What is needed is a copy of each line in the listing below that contains "Troncs".

▶ **Supplied records**:

--

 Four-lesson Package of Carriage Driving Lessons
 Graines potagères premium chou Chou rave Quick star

--

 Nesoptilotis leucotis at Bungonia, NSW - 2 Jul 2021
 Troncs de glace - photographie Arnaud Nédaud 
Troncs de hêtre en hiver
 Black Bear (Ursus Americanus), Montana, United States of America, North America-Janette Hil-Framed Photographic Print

--

▶ **Exercise response**:
 Troncs de glace - photographie Arnaud Nédaud 
Troncs de hêtre en hiver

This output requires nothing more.